Policymakers have also pinned hopes on easing inflation, helping the central bank take a breather in its rate hike moves.

South Korea's inflation grew at a faster pace of 3.8 percent in October, staying above 3 percent for the third consecutive month, due to higher prices of energy and farm goods.

It is the third month in a row that the annual price growth has picked up pace.

But oil prices have been stabilizing in the face of the Israel-Hamas war, possibly helping inflation ease down the road, a development that supports the central bank's rate freeze.

The central bank is also paying keen attention to rising household debts, which could help domestic demand weaken.

Household loans extended by banks in South Korea rose for the seventh straight month in October, led by rising home-backed loans amid high borrowing costs.

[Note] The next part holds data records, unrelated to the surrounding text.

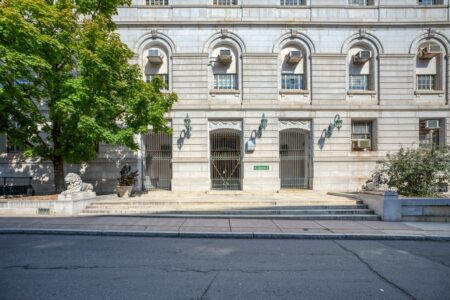 Lions guard the Arch Street entrance to the Hartford Municipal Building (City Hall).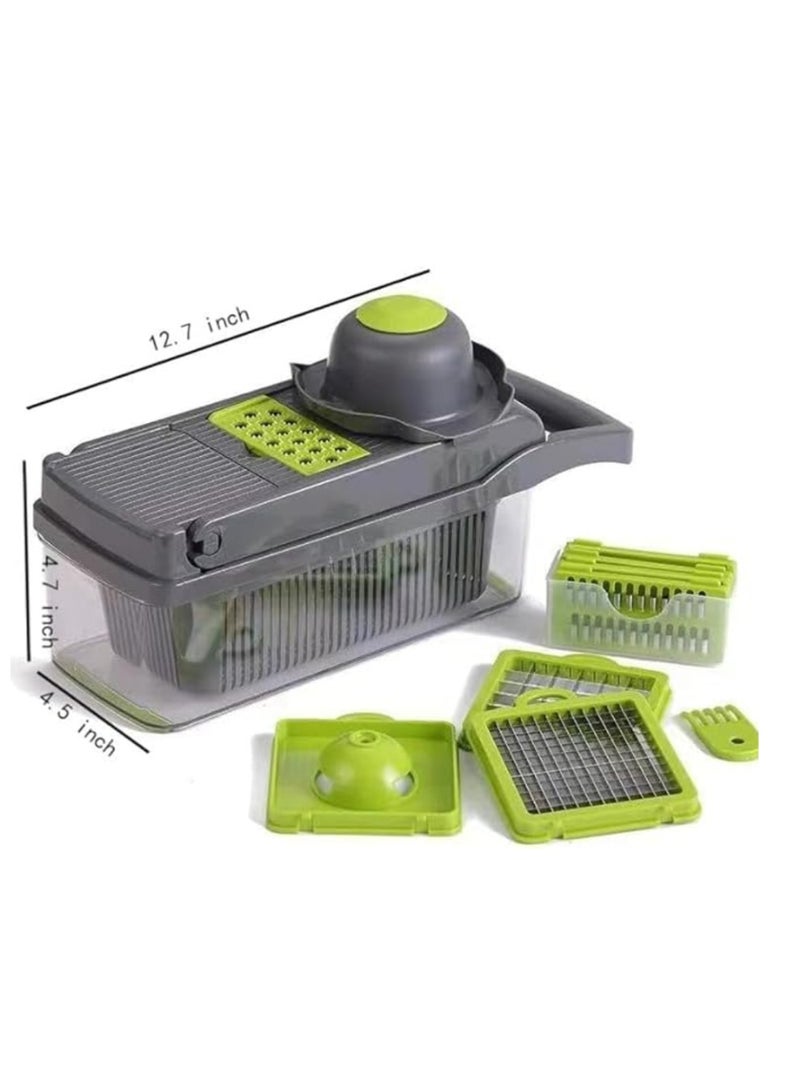 Desselan Vegetable Chopper & Slicer – 14-in-1 Multi-Function Onion, Potato, Carrot & Garlic Chopper with Container - Image 2
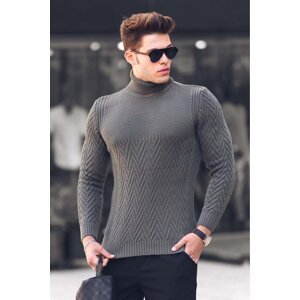 Madmext Khaki Turtleneck Knit Patterned Sweater 4655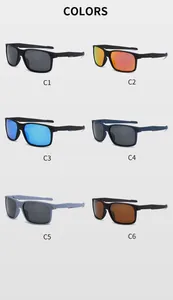 Six color options of polarized sports sunglasses for outdoor cycling and driving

Banks' outstanding household loans reached a record high of 1,086.6 trillion won (US$833.6 billion) at end-October, up 6.8 trillion won from a month earlier, accelerating from a 4.8 trillion-won rise the previous month and marking an on-month increase for the seventh month in a row.

The BOK's rate freeze also came in the face of the rate difference with the United States widening.

Higher rates in the U.S. are feared to prompt money outflows from South Korea, thereby weakening the local currency against the dollar and exerting upward inflation pressure by making imports more expensive.

Early this month, the Fed held its benchmark lending rate steady at a 22-year high for the second consecutive time as it keeps striving to bring down inflation to its 2 percent target.

The Fed kept the rate between 5.25 and 5.50 percent, but it left open the possibility of a rate change later to achieve "maximum" employment and its inflation target.

The Fed started its aggressive campaign of rate hikes in March last year to tame inflation.

Next month, the Fed is widely expected to stand pat again.